# Benchmarking Models 

So in this notebook we will take the different data set, fit models and test their accuracy. From this hopefully we will find the best data to be using and hopefully gain some insight into out models. 

In [26]:
import pandas as pd
import numpy as np
from tqdm import tqdm
from sklearn import model_selection
from sklearn.metrics import accuracy_score
from sklearn.preprocessing import MinMaxScaler
from sklearn.metrics import confusion_matrix, f1_score
from sklearn.linear_model import LogisticRegression

import xgboost as xgb
import warnings
import matplotlib.pyplot as plt
import seaborn as sns

warnings.filterwarnings('ignore')

In [2]:
train_benchmark = pd.read_csv("Benchmarks/Benchmark_dataset.csv")
train_full = pd.read_csv("full_train_data.csv")
train_Without_avg = pd.read_csv("without_avg_train.csv")
train_Without_avg_BS_S = pd.read_csv("without_avg_train_BS_S.csv")
train_Without_avg_BS_S_sum = pd.read_csv("without_avg_train_BS_S_sum.csv")

                            
train_scores = pd.read_csv('Train_Data/Y_train.csv', index_col=0)
train_scores = train_scores.loc[train_benchmark.index] # This is our target


## Modelling Wins

In order to best compare to the benchmark given on the website we will start by trying to predict the number of wins.

In [3]:
train_y_AWAY_WINS = train_scores['AWAY_WINS']

In [9]:
def get_train_valid_test(X, y):
    X_train, X_test, y_train, y_test = model_selection.train_test_split(X, y, train_size=0.8, random_state=42)
    X_train, X_valid, y_train, y_valid = model_selection.train_test_split(X_train, y_train, train_size=0.8, random_state=42)

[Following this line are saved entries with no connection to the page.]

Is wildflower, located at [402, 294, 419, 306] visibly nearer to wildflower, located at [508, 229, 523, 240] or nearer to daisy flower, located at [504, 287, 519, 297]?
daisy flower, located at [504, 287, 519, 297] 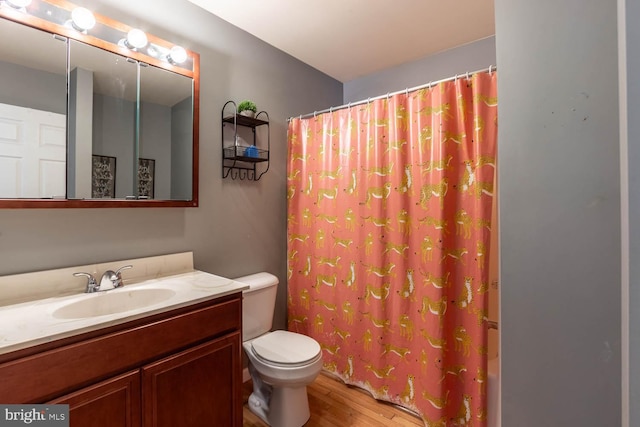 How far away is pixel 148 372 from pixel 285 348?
2.52ft

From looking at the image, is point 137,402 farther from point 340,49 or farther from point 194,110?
point 340,49

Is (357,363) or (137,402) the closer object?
(137,402)

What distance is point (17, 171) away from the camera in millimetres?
1234

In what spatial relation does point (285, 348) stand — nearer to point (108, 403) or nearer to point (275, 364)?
point (275, 364)

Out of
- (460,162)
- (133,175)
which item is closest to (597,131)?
(460,162)

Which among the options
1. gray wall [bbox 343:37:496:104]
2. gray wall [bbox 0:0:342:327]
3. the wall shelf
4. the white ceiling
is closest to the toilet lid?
gray wall [bbox 0:0:342:327]

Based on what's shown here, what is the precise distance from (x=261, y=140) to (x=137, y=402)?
1.75 metres

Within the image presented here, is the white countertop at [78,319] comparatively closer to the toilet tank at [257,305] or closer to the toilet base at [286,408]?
the toilet tank at [257,305]

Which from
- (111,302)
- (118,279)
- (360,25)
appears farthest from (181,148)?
(360,25)

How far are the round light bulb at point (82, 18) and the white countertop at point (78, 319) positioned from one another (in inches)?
49.5

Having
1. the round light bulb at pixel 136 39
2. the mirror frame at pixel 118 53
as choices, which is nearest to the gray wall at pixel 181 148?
the mirror frame at pixel 118 53

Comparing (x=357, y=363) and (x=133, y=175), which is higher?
(x=133, y=175)

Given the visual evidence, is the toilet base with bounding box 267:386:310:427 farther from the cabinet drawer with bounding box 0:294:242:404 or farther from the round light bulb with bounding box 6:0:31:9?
the round light bulb with bounding box 6:0:31:9

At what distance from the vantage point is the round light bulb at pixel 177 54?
1680 millimetres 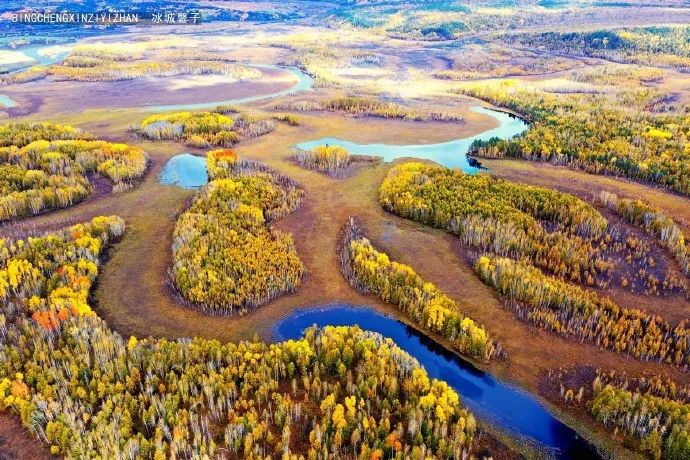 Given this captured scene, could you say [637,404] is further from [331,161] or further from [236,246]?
[331,161]

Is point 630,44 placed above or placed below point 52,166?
above

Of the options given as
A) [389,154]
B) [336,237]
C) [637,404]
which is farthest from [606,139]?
[637,404]

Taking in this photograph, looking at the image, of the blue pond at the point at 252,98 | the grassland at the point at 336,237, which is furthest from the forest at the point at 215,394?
the blue pond at the point at 252,98

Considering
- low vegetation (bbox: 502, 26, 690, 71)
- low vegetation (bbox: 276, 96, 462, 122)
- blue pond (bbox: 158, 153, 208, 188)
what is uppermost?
low vegetation (bbox: 502, 26, 690, 71)

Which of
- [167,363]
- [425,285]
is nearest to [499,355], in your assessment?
[425,285]

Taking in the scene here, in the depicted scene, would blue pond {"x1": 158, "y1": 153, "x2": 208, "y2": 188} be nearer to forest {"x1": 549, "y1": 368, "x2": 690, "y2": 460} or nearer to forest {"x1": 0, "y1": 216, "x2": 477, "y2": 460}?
forest {"x1": 0, "y1": 216, "x2": 477, "y2": 460}

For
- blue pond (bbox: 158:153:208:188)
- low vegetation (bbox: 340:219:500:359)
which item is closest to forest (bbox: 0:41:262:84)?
blue pond (bbox: 158:153:208:188) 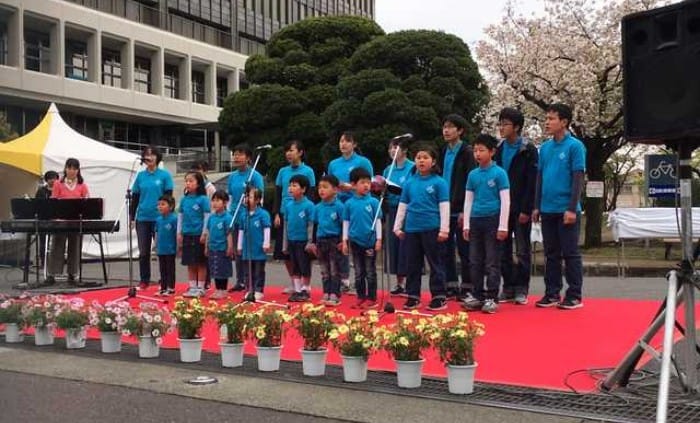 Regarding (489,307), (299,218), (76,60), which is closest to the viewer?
(489,307)

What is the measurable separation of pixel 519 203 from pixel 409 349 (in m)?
3.76

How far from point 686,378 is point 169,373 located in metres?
3.58

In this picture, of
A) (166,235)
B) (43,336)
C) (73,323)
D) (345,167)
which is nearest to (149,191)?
(166,235)

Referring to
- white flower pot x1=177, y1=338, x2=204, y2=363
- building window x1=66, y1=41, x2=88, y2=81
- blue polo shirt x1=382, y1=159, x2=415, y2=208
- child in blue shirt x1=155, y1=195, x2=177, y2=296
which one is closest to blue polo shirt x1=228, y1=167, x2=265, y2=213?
child in blue shirt x1=155, y1=195, x2=177, y2=296

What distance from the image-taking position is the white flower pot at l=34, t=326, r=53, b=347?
693 cm

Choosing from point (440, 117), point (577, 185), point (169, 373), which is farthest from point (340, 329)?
point (440, 117)

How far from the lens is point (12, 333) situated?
7.14m

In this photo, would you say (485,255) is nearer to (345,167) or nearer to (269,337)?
(345,167)

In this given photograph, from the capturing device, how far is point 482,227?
781 cm

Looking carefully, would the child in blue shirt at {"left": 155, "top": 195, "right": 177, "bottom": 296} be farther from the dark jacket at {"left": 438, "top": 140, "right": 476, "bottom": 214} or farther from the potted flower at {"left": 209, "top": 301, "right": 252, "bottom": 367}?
the potted flower at {"left": 209, "top": 301, "right": 252, "bottom": 367}

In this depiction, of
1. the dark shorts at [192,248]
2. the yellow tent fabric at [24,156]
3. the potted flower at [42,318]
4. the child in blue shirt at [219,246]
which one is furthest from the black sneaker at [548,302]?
the yellow tent fabric at [24,156]

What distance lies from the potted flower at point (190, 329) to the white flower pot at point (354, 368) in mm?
1446

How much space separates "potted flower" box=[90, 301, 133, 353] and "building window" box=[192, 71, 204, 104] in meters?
43.0

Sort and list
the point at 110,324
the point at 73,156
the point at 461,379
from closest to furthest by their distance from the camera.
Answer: the point at 461,379 → the point at 110,324 → the point at 73,156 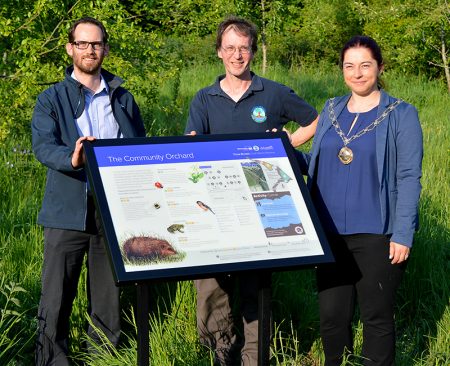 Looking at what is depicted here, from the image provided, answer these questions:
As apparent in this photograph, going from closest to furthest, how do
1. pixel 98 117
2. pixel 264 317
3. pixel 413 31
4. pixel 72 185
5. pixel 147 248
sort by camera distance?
pixel 147 248 → pixel 264 317 → pixel 72 185 → pixel 98 117 → pixel 413 31

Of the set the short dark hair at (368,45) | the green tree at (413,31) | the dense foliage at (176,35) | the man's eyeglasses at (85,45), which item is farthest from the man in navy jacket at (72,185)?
the green tree at (413,31)

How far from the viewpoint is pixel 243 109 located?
484 cm

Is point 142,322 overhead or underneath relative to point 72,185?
underneath

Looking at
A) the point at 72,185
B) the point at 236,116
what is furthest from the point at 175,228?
the point at 236,116

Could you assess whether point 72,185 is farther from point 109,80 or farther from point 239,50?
point 239,50

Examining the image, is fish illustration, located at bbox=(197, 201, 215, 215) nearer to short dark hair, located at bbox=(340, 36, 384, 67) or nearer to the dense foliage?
short dark hair, located at bbox=(340, 36, 384, 67)

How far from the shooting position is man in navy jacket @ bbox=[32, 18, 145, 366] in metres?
4.52

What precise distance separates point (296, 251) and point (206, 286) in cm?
122

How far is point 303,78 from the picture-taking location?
651 inches

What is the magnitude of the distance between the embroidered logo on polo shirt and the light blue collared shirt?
2.57 feet

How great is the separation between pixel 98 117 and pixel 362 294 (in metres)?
1.74

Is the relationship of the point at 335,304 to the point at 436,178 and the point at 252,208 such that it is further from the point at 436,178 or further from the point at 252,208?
the point at 436,178

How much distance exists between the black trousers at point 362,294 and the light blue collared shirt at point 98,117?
1.37 meters

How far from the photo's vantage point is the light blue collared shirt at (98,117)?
459cm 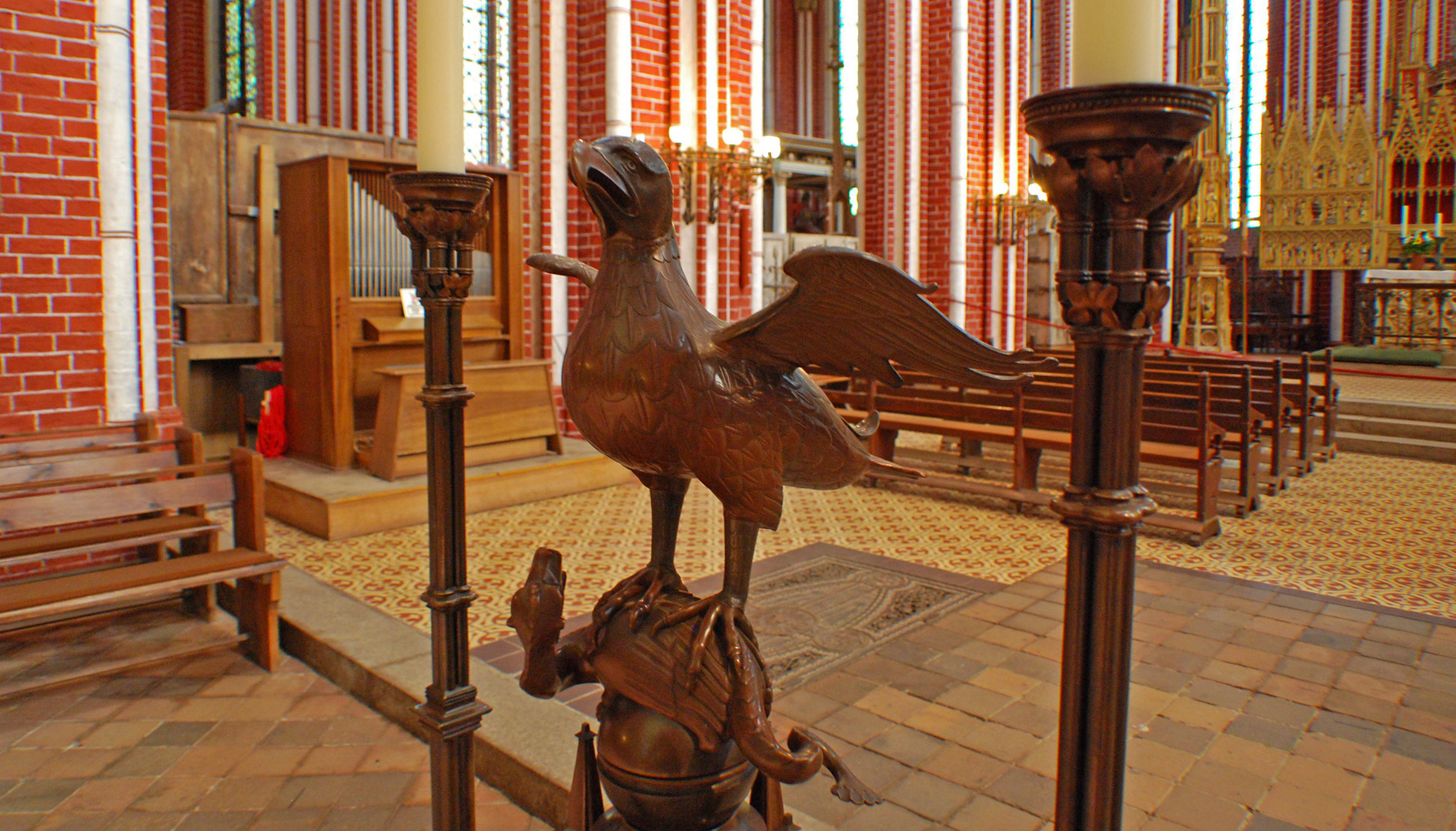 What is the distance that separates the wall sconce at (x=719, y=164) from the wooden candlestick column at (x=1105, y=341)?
6.08 m

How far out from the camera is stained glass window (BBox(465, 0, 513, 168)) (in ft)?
40.4

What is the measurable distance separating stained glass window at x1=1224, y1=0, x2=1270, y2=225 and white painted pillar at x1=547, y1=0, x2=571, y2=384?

    return X_train, X_valid, X_test, y_train, y_valid, y_test 

In [10]:
def format_1D_predictions(predictions):
    predictions[2] = 0 # This will mean that no draws are predicted
    predictions.columns = [0,2,1] # This labels the columns correctly
    return (predictions.reindex(columns=[0,1,2]).rank(1,ascending=False)==1).astype(int).values # This reorders the columns

In [11]:
XGB_Benchmark_params = {
    'booster': 'gbtree',
    'tree_method':'hist',
    'max_depth': 8, 
    'learning_rate': 0.025,
    'objective': 'multi:softprob',
    'num_class': 2,
    'eval_metric': 'mlogloss'
    }

In [12]:
def get_prediction_score(model, X_test, y_test):
    predictions = model.predict(X_test, iteration_range=(0, model.best_iteration))
    predictions = pd.DataFrame(predictions)
    
    predictions = format_1D_predictions(predictions)
    
    target = train_scores.loc[X_test.index].copy()
    return np.round(accuracy_score(predictions,target),4)

    

In [13]:
def training_1D_XGB(training_data, replace_0_with_nan = False, XGB_params = XGB_Benchmark_params):
    X_train, X_valid, X_test, y_train, y_valid, y_test = get_train_valid_test(training_data, train_y_AWAY_WINS)
    
    if replace_0_with_nan:
        X_train = X_train.replace({0:np.nan})
    
    xgb_model = xgb.XGBClassifier(random_state=42, **XGB_params)
    bst = xgb_model.fit(X_train, y_train)
    
    test_acc, train_acc = get_prediction_score(xgb_model,X_test,y_test), get_prediction_score(xgb_model,X_train,y_train)
    
    print(f"Test accuracy: {test_acc}; Training accuracy: {train_acc}")
    return xgb_model

In [39]:
training_1D_XGB(train_benchmark, False); 
XGB_bench = training_1D_XGB(train_benchmark, True); 
training_1D_XGB(train_full); 
XGB_without_avg = training_1D_XGB(train_Without_avg); # I think that this is our best model 
training_1D_XGB(train_Without_avg_BS_S);
training_1D_XGB(train_Without_avg_BS_S_sum);

Test accuracy: 0.4689; Training accuracy: 0.6847
Test accuracy: 0.4742; Training accuracy: 0.7071
Test accuracy: 0.4722; Training accuracy: 0.669
Test accuracy: 0.4791; Training accuracy: 0.679
Test accuracy: 0.477; Training accuracy: 0.6624
Test accuracy: 0.4779; Training accuracy: 0.6369


Okay, so I think the best data set we have is train_without_avg_BS_S_Sum. But we note that there is some serious overfitting going on. Note that we aren't predicting draws, therefore a 'perfect' score would be ~75% (25% are draws). 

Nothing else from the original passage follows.